Si on oublie le côté 70s (les gros pompons multicolores accrochés un peu partout, sur les boucliers et les casques), l’analogie est parfaite. Le film peint magnifiquement le monde globalisé et instable dans lequel nous vivons. Plutôt qu’une opportunité pour développer le commerce, la coopération internationale et l’amour entre les peuples, l’ouverture des frontières et la mondialisation poussent juste les uns et les autres à se foutre (un peu plus) des raclées. Toutes les nations n’ont qu’une idée en tête : piller les richesses et violer les femmes des autres. Rajoutez à ça la montée des organisations transnationales type Daech, symbolisées par un Kraken en carton et le bordel est désormais complet. D’autant que le montage épileptique et l’absence de chorégraphie pour les scènes de baston n’arrangent rien à la clarté de l’histoire.

Analyse capillotracté : « C’est clair ! » comme dirait un savant congolais, ce péplum est l’illustration parfaite du « choc des civilisations » du politologue Samuel Huntington. En gros, tout fout le camp : dans un monde multipolaire, les empires réputés balèzes sont mis en difficulté, concurrencés. Et les conflits ne trouvent pas spécialement leurs origines dans l’idéologie ou l’économie, mais dans les divisions culturelles. Civilisations contre civilisations (dans le film, ça donne les Turques – les gentils – versus les européens versus les bridés). Au passage, lesdits bridés ont les yeux bleus : sans aucun doute une critique acerbe mais néanmoins subtile du multiculturalisme.

 

En conclusion, la géopolitique c’est pas compliqué.
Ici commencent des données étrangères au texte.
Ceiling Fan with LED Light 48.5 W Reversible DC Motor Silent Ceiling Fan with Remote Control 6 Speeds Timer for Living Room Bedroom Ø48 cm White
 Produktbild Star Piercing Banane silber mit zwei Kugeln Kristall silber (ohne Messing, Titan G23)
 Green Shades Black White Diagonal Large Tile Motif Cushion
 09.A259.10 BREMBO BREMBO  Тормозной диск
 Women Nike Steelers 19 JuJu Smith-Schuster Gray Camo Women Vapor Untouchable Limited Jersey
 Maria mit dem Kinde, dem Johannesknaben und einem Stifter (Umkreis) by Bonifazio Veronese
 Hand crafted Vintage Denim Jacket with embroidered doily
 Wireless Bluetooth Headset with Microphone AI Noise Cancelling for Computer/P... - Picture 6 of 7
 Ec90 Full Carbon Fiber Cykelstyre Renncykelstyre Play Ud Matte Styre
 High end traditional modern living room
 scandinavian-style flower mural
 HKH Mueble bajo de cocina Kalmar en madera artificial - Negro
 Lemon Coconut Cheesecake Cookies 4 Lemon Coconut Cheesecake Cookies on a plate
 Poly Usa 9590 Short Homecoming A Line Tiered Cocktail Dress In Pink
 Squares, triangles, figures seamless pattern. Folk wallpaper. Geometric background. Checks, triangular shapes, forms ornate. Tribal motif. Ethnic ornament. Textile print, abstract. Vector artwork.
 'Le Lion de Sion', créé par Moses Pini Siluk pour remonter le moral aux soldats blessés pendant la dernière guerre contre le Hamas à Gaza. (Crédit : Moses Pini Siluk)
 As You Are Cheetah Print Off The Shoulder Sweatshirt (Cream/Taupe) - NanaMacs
Surtout quand on fait volontiers des raccourcis fumeux avec des films à la qualité dissidente. Tout le monde passe son temps à se foutre sur la gueule, comme dans les pires nanars de ninjas. Et la source des conflits vient rarement de notre côté, celui des bons (l’Amérique, la Turquie, ou l’Occident – c’est selon). Et le tout donne un scénario décousu difficilement bitable, avec trop de protagonistes, une mise en scène complétement kitch, un jeu d’acteur bien à iech, et des duels ridicules. Bon allez, je crois avoir écrit suffisamment de conneries, il est temps d’aller se pieuter.